IL CASO E I CASI

Una battuta di quelle buone:
“Il caso è uno pseudonimo di Dio quando non vuole firmare” (John Doe, aprile 2008).

Nessuno più di Freud ha contestato il caso nelle vite personali, riconoscendogli un soggetto sotto il nome “inconscio”, con il che la battuta diventa:
“Il caso è uno pseudonimo di(dd)’io quando non vuole firmare”:
non lo vuole per difetto di titolarità, o legittimità, cioè l’“inconscio” è il … caso dell’io quando riesce solo nell’anonimato (J. Lacan diceva che il nevrotico è “un senza nome”).

C’è poi il caso che Dio abbia creato il non-caso, la necessità, la natura (ciò non sarebbe contraddittorio):
però egli stesso lo ammetterebbe obtorto collo, perché un Signore par suo non firmerebbe un’opera, non dico affatto spregevole o vile, ma che è la banalità stessa:
“banalità” è solo un altro nome della natura:
la Scienza è lì per debanalizzarla almeno un po’, ed è per questo che io psicoanalista, come Freud, sono per la Scienza (ma in ciò faccio parte di una lobby sempre più sparuta):
le nostre quotidiane e culturali banalizzazioni sono solo una cattiva copia deformata della banalità naturale.

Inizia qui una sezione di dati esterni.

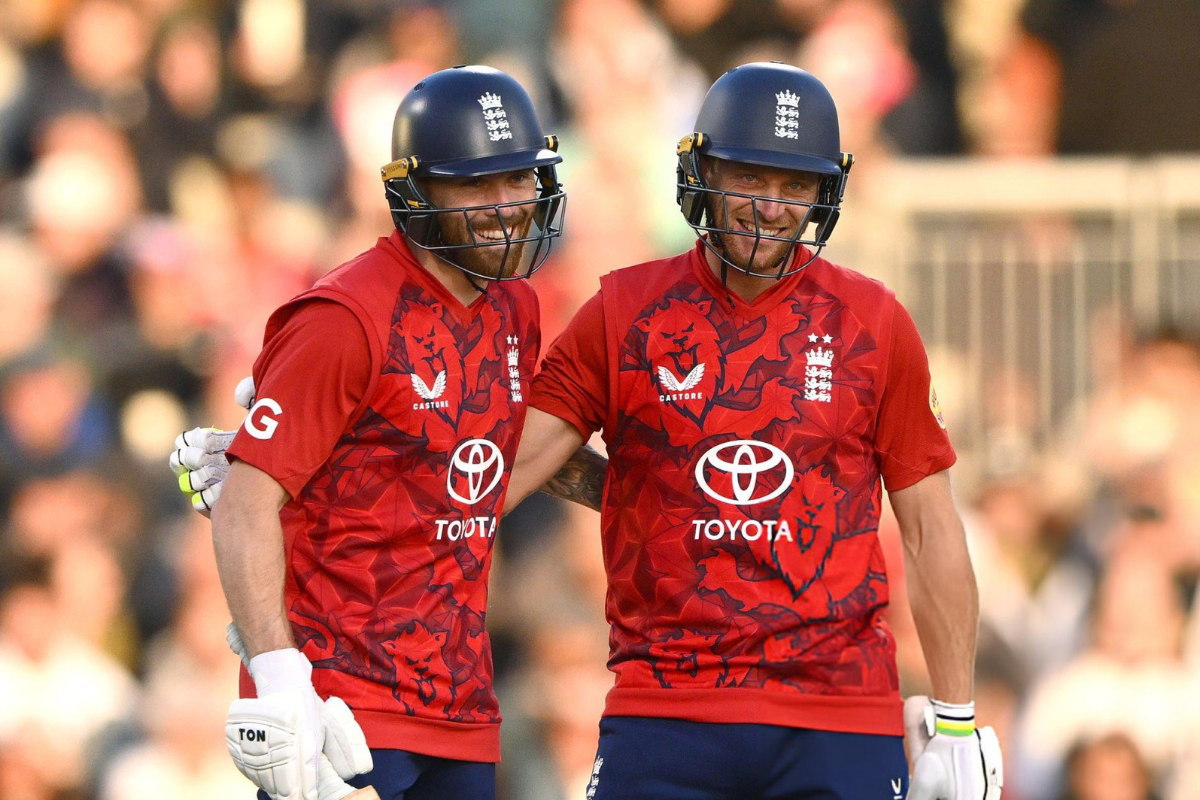 Most Runs in Powerplay in T20Is England Latest To Breach 100-Run Barrier, Jos Buttler Enters Players’ List.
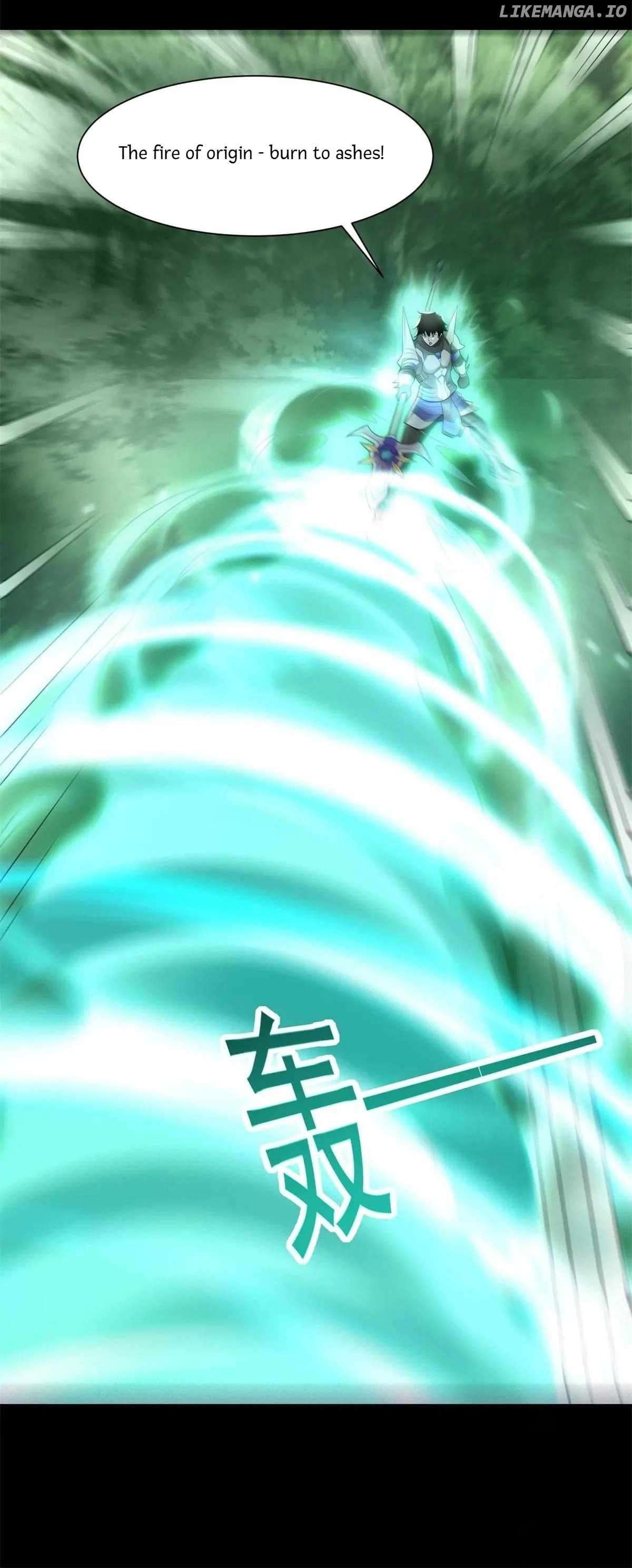 Read Apocalypse Savior EN Manga Online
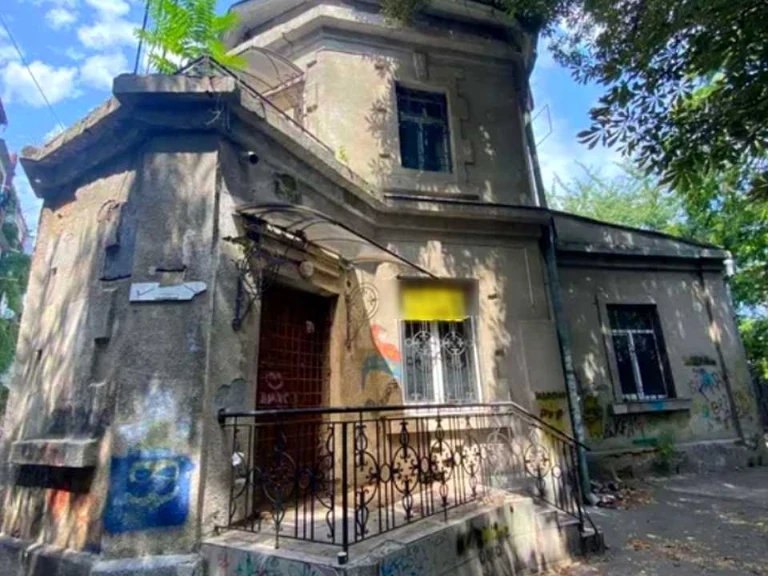 House. Baltimore Street, Odessa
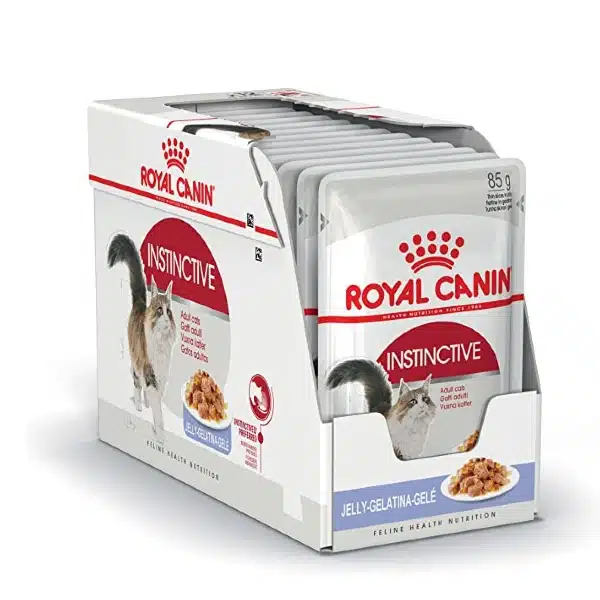 ROYAL CANIN® Instinctive Chunks in Jelly Wet Cat Food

Un tale Signore, poi, non ha certo creato i casi del diritto, dell’economia, della letteratura, della scienza, della politica, del pensiero, né l’“inconscio” come un caso del pensiero.

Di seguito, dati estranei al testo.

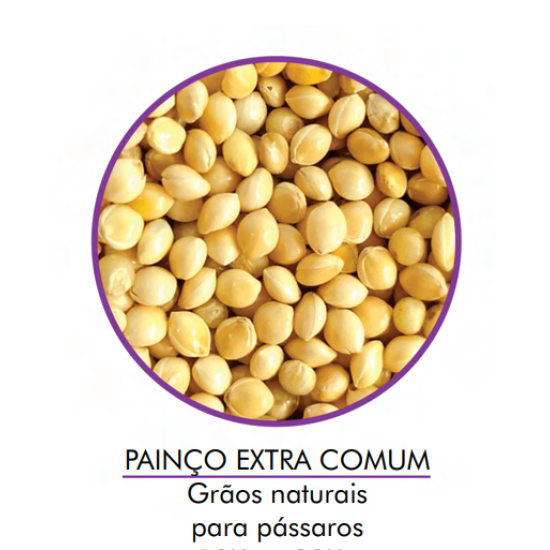 Painço Comum Encanto 10kg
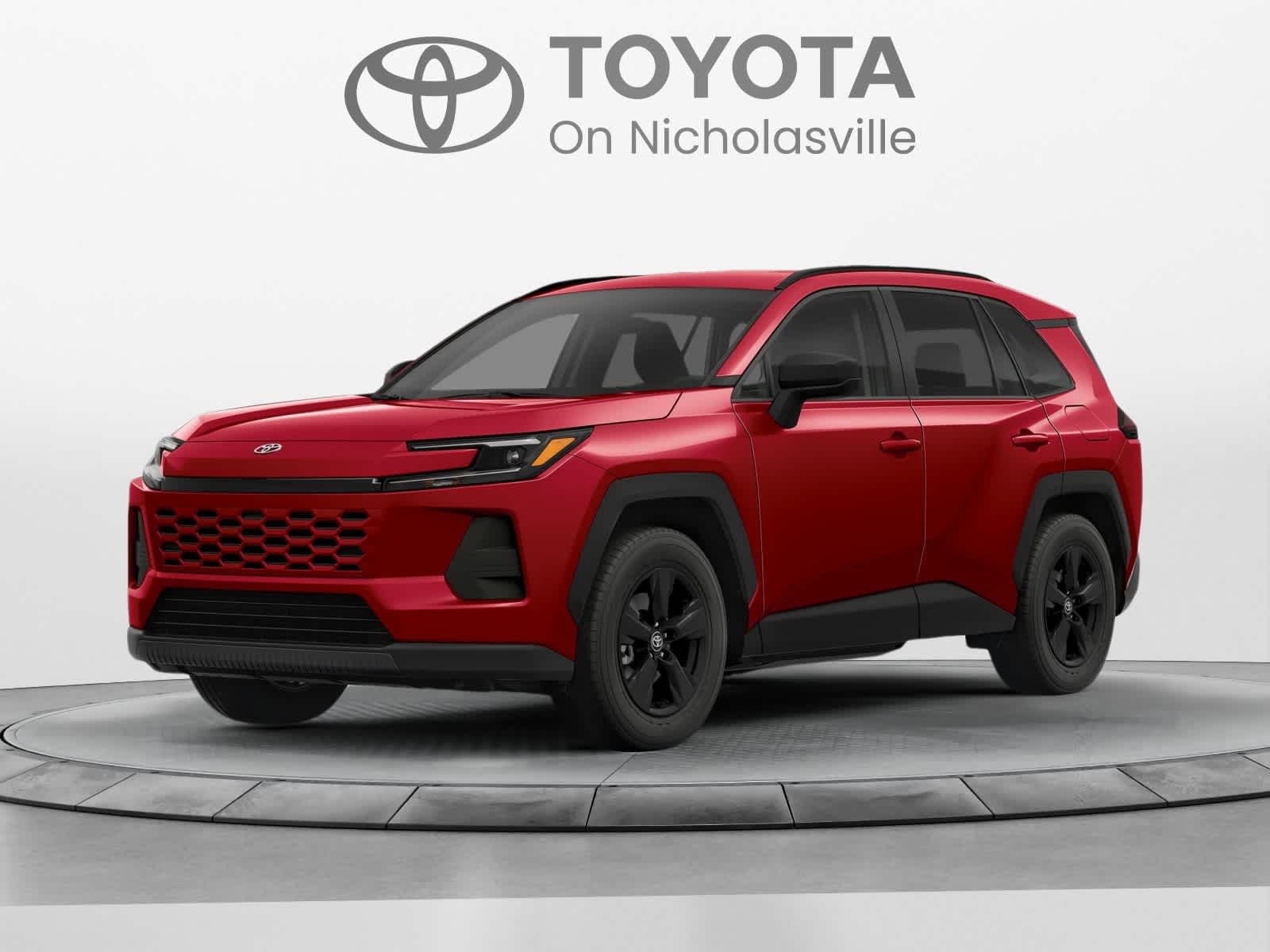 New Toyota RAV4 Models in Nicholasville, KY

Ma allora quando firma?, ammesso che consideri il firmare, e in genere lo scrivere, come degno di un Signore par suo:
ho sempre pensato che Galileo non ha avuto una buona idea attribuendo a Dio di scrivere nella natura, per di più in caratteri matematici.

Ma sono questioni, nel mio … caso, di cui rifiuto di occuparmi, non per incompetenza mia ma per rispetto dei diritti altrui, in questo caso dei diritti divini prioritari su quelli umani:
infatti sta alla competenza di “Dio” dirimere le questioni che lo riguardano, da quella della sua firma e del suo nome a quella della sua esistenza (su questo argomento si è sempre cercato di tagliargli l’erba sotto i piedi, di prenderne il posto).

Alla mia, di competenza, sta il fargli posto:
non faccio che dire che ogni atto deve preparare due posti, di Soggetto e di Altro soggetto:
a rischio che il secondo posto non venga occupato, ma il rischio non è per il Soggetto bensì per l’Altro soggetto.

Ma ora mi sembra quasi di provare un’allucinazione uditiva, quella della voce dei miei Professori d’altri tempi che mi avrebbero rimproverato che Dio è trascendente:
non ne dubito, ma anche l’uomo lo è, anzi è da qui che sono ripartito almeno vent’anni fa con la meta-natura del pensiero de natura, legislativo.

Questo concetto di una metanatura reale, motoria, sensibile, non è  difficile, anche se ci sono voluti millenni prima di  Freud:
il mangiare umano (“pulsione orale”) è trascendente (non più “evoluto”) rispetto al mangiare animale (lo sa la lingua tedesca quando distingue, rispettivamente, tra essen e fressen):
l’anoressia è un caso di trascendenza polemica, come lo è in generale tutta la psicopatologia:
si vede che la trascendenza ha pur sempre qualcosa di soddisfacente, anche quando paga prezzi assurdi a un esattore feroce nella sua inesistenza.